This requires very powerful computers and ridiculous amounts of storage but it also requires that there is a way for the computer to automatically reassemble and restore all the origin footage from the tapes this is where numbering your tapes accurately and making sure you capture the timecode from your tapes is VITAL.
The advantage of doing this, is once your entire film has been reassembled in this format, any further alterations or changes such as colour grades, compositing and effects can be handled at the highest quality possible ensuring there will be no further degradation of footage in terms of recompressing already compressed video. What I mean by an Online Edit is when you take all your original tapes, footage and media in your edit to a high end production house who then reassembles your entire film using an EDL Edit Decision List or your original Final Cut Project, but instead of ingesting media in a compressed form such as HDV or ProRess its ingested as uncompressed 10Bit Video.
#Alvin and the chipmunks the squeakquel ending scene code#
Even the time code on your tapes will be of a big advantage if you want to Online Edit at a later date in fact doing an Online edit without time code being correctly on the tapes is practically impossible, as it means manually making every single cut again. You dont necessarily need to have recorded timecode on the day manually as timecode will have been recorded in your camera on your tapes. First thing is the importance of timecode in an OFFLINE/ONLINE workflow. Hi Sareesh, this is going to be a bit of a long reply because what you are hoping to achieve is a LONG way from where you are at and as such there is a lot you need to understand. Once you have your finished, graded, master the next step is to simply Encode the highest quality video version you have to M2V and that will then be your DVD master M2V for Authoring purposes, and the supplying a master they will use to upscale/transfer to film/BluRay.
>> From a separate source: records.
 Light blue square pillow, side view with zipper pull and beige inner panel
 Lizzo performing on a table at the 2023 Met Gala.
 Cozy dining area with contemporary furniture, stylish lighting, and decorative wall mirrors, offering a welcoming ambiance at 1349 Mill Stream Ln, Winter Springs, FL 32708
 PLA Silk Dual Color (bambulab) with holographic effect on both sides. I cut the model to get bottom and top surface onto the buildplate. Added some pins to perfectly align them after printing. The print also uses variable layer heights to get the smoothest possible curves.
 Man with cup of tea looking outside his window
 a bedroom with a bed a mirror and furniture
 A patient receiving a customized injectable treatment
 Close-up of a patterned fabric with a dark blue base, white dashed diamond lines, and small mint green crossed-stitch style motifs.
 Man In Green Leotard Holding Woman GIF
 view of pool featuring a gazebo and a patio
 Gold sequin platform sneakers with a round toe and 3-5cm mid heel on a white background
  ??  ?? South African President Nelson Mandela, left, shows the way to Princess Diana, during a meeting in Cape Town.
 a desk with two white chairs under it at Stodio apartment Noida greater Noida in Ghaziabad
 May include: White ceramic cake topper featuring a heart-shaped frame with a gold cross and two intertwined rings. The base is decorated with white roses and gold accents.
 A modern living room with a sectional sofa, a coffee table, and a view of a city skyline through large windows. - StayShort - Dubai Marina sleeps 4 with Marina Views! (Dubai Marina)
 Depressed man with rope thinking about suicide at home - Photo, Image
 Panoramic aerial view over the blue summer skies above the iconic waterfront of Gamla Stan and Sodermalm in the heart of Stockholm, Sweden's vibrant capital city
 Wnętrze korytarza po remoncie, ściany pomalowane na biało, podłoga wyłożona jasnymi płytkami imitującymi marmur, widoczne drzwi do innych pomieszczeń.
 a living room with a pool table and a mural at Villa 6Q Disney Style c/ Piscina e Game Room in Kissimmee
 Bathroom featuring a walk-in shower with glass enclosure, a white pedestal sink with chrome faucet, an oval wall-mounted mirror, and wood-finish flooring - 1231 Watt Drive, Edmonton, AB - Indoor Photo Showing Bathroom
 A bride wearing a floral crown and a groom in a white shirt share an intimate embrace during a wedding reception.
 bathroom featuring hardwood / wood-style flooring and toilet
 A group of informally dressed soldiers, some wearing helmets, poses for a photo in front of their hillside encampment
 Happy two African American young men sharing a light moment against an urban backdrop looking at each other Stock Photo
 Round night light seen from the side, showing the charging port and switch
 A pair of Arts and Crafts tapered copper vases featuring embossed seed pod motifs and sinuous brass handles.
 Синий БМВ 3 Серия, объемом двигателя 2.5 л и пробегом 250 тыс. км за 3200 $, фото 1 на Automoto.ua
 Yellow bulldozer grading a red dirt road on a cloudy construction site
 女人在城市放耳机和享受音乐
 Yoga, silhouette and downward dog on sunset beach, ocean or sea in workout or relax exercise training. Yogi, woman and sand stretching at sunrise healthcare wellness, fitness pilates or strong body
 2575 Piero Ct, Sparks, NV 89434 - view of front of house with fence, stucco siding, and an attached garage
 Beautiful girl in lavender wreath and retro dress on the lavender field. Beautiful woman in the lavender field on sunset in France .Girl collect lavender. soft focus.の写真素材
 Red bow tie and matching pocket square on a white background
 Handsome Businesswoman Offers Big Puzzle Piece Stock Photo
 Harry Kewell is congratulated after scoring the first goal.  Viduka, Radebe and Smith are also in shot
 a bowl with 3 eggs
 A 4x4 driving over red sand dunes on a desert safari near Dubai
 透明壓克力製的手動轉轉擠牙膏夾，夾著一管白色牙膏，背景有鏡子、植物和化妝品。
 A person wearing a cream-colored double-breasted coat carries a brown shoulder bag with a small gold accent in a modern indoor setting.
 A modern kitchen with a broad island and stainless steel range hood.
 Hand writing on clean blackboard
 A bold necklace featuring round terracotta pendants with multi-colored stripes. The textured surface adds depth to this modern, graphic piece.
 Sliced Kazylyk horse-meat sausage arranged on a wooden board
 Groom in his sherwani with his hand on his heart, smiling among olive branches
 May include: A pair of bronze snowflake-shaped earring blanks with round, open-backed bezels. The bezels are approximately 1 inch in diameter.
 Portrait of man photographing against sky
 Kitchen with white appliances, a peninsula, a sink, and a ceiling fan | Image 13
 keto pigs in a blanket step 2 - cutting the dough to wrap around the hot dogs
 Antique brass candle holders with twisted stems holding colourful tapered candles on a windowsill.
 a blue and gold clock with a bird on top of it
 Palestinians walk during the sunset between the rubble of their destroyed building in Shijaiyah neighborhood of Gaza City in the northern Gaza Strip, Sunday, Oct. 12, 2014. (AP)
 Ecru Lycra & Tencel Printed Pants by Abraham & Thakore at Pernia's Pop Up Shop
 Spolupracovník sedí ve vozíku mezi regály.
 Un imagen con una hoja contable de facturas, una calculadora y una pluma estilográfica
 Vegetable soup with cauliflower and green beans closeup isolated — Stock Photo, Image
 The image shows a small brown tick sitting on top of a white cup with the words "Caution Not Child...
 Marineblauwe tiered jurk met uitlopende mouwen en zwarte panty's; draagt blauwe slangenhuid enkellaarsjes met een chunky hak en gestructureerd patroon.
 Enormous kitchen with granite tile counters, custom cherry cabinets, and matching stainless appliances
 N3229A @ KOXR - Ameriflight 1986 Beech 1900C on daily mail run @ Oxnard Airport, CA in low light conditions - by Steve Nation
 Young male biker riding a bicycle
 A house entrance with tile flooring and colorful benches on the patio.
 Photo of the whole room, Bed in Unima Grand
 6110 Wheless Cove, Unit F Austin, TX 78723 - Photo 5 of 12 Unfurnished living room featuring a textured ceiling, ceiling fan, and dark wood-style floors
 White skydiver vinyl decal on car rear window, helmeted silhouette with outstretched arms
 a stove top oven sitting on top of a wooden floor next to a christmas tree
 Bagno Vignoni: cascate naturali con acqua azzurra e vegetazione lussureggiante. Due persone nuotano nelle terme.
Maya, Ater Effects and Final Cut can all render to uncompressed Quicktime Video or Apple Animation Codec or TIFF Sequence all of which should suffice. However grading this becomes very difficult if you have lots off dissolves/transitions other than straight cuts. Finally, you could simply edit everything in Prores HQ, export all your effects as prores HQ, and have a master final in prores HQ, then export an uncompressed version of the film to grade from there. This way, when you finish the film, you will be able to take the timeline without the effects or transitions on it, export that as uncompressed, then export all the separate effects and transition shots with handles as uncompressed, reasse, ble all that at a top notch post house and then do your grade to keep the maximum quality in the grade. then the next best thing you can do is keep ALL your effects and transitions as uncompressed video with handles, and keeping two versions of your timeline one that has all the effects and transitionsadded to the timeline at which point they will need to be Rendered into ProRes to play back on the timeline and one that has none of the effects shots added. Uncompressed video is VERY large Assuming you can not get your timecode to capture probably a possibility of HDV robust timecode isnt a hallmark of the format. Uncompressed video in Final Cut can be seen by exporting from Final Cut using the None setting under compression in Export to Quicktime/using quicktime conversion.